Vielen Dank. - Die DVU-Fraktion hatte keinen Redebeitrag angemeldet. - Es bleibt scheinbar dabei.

(Frau Dr. Weiher, PDS: Nachfrage!)

- Frau Krause, Entschuldigung, eine Frage an die Frau Ministerin. - Frau Ministerin, sind Sie bereit zu antworten? - Bitte schön.
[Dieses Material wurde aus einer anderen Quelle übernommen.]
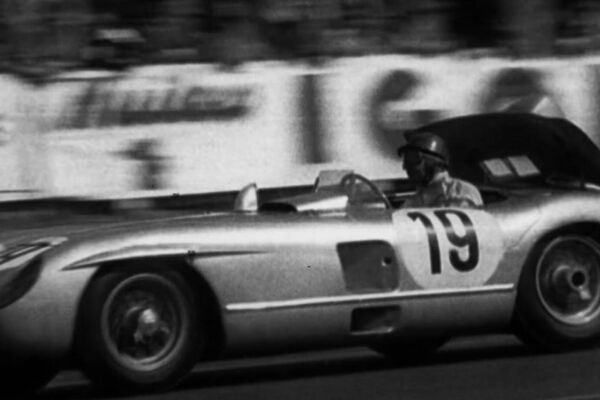 Mercedes-Benz 300 SLR Coupé Mercedes-Benz 300 SLR Coupé - Sputnik Mundo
Frau Ministerin, ich habe nur eine Frage, die sich aus Informationen von unterschiedlichen Betreuungsvereinen ergibt. Können Sie mir zustimmen, dass es bei den Frauen und Männern, die bereit sind und die Prüfung ablegen möchten, sehr unterschiedliche Gründe dafür gibt, dass sie sie nicht entsprechend dem Bedarf in diesem Jahr in der anberaumten Prüfungszeit ablegen können?

Ich habe derartige Aussagen aus einem Betreuungsverein, nämlich dass sehr wohl das Interesse an der Ablegung der Prüfung besteht, es aber Gründe dafür gibt, dass es in diesem Jahr nicht passieren kann. Dann müssten diese Betreuerinnen - es sind Frauen - die finanziellen Einbußen erst einmal hinnehmen. Genau das wollen wir eigentlich vermeiden.

Es ist durchaus richtig, dass es einige gibt, nämlich die Differenz zwischen 80 und 36. Insgesamt sind es 80 Prüflinge, 36 davon in diesem Jahr. Die restlichen sind Betreuer, die unter anderem deshalb die Prüfung nicht in diesem Jahr ablegen können, weil sie die notwendigen Tätigkeitszeiten noch nicht erfüllen und somit aufgrund mangelnder Voraussetzungen in diesem Jahr zur Prüfung nicht zugelassen werden können.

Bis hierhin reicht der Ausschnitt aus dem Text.